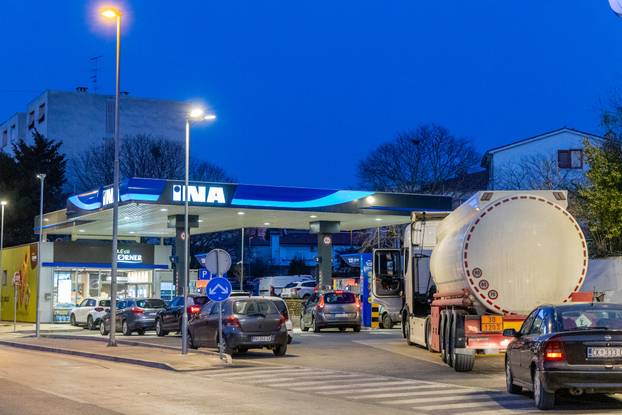 Pula: Automobili na benzinskim pumpama uoči sutrašnjeg poskupljenja benzina
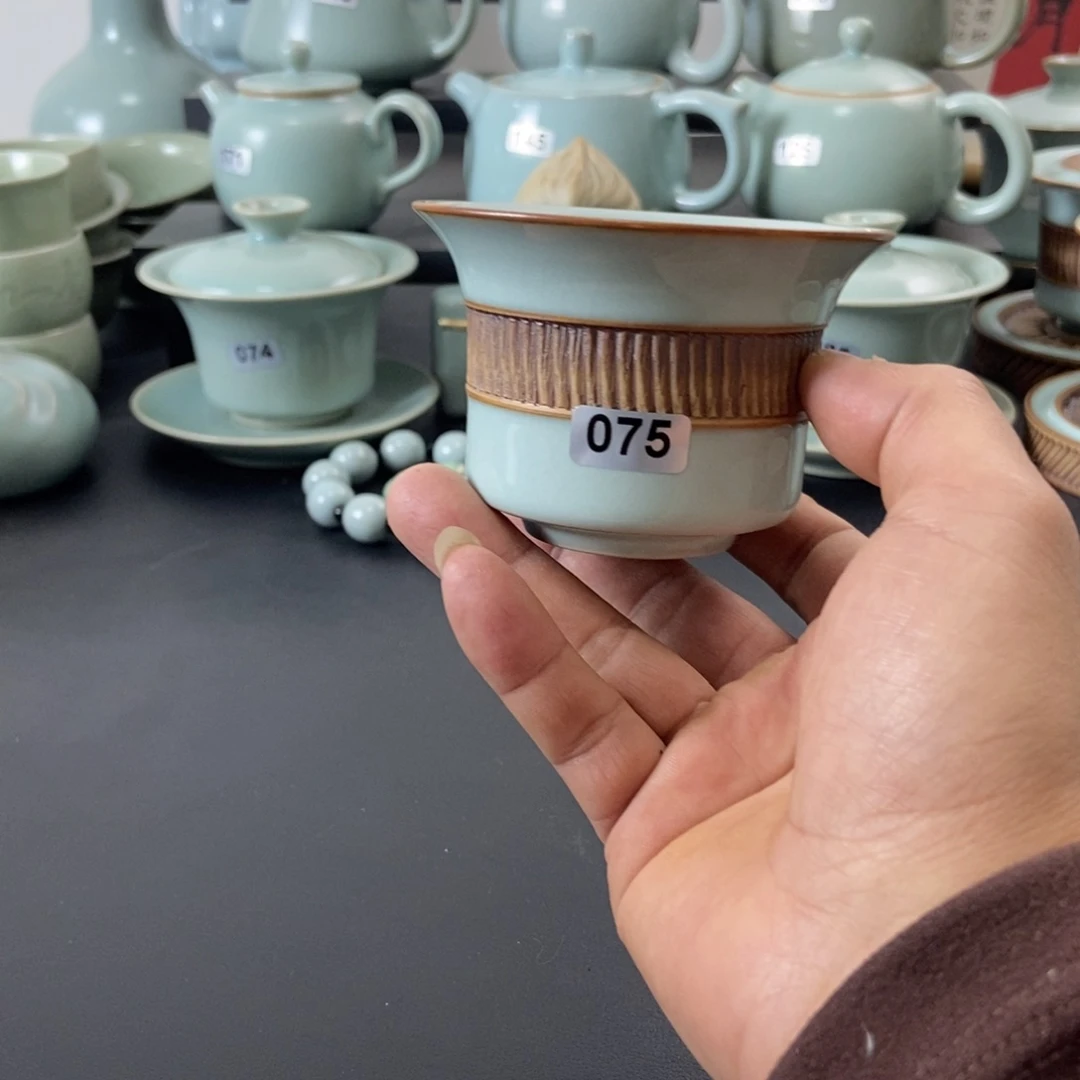 天青釉重工马蹄杯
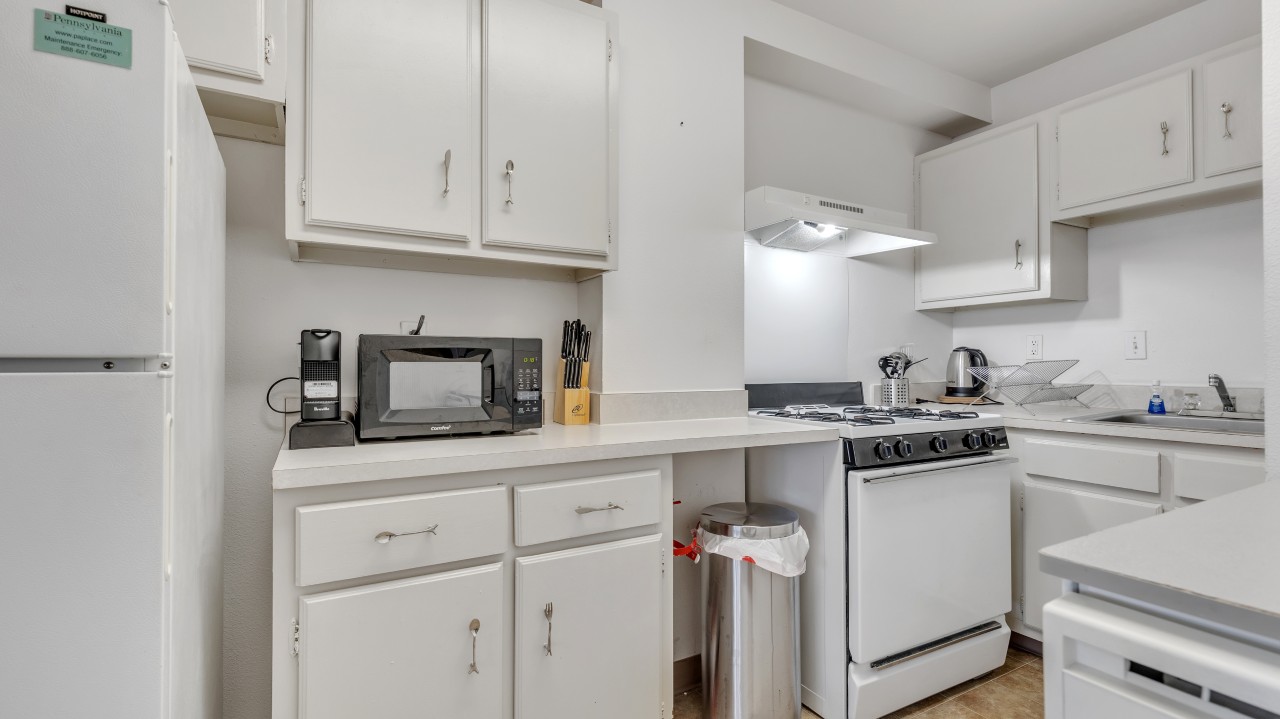 Pa Place 1506, 1br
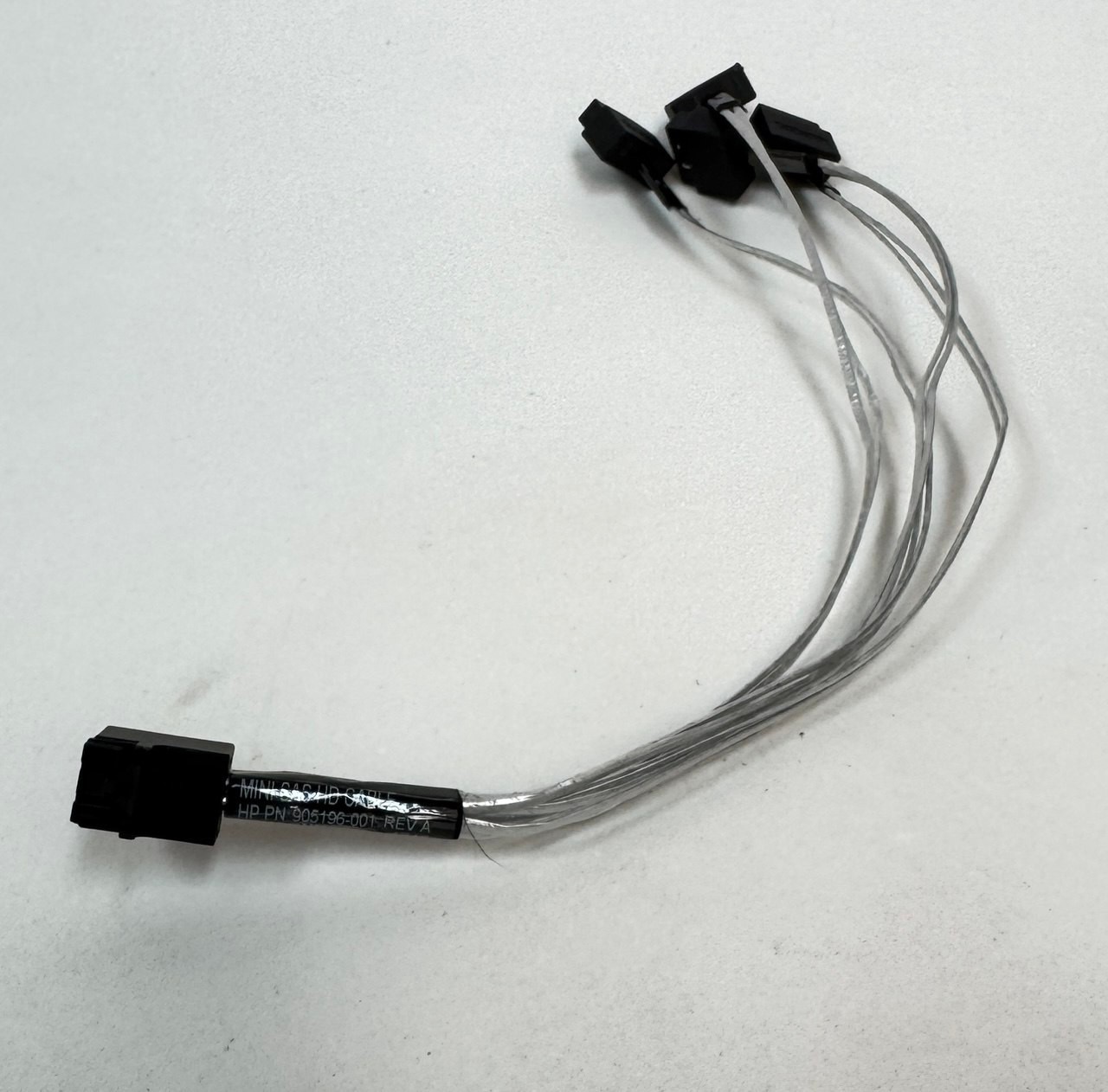 Mini SAS HD Cable SFF-8643 to 4x SATA 905196-001 for HP Z4 G4 Workstation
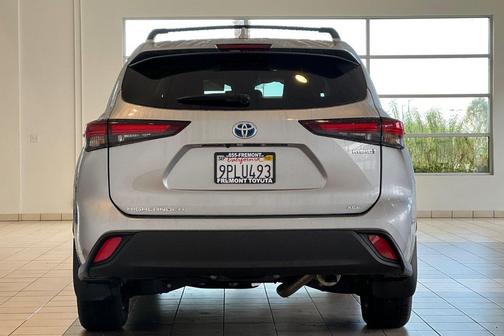2024 Toyota Highlander Hybrid XLE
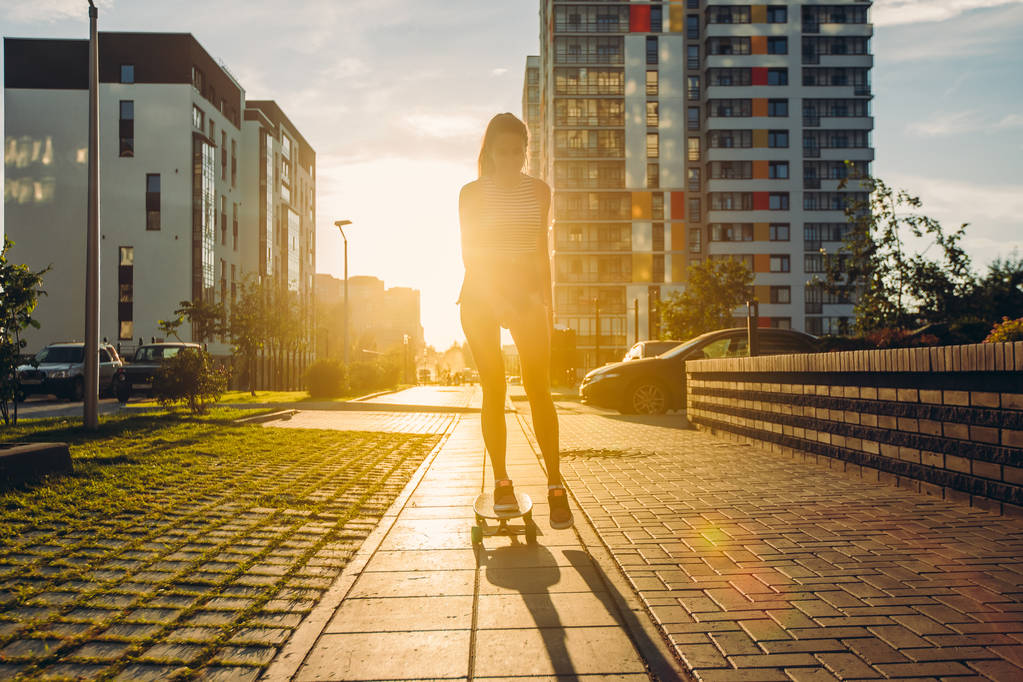 Skateboarder Mädchen Sunrise Lifestyle. Longboard - Foto, Bild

● ● ● ● ●

▶ EXERCISE
Reproduce the lines of the data that run from the one containing "Pa Place 1506, 1br" to the final line, both included, exactly as they appear and without the pictures.

▶ PROBLEM SOLUTION
 Pa Place 1506, 1br
 Mini SAS HD Cable SFF-8643 to 4x SATA 905196-001 for HP Z4 G4 Workstation
2024 Toyota Highlander Hybrid XLE
 Skateboarder Mädchen Sunrise Lifestyle. Longboard - Foto, Bild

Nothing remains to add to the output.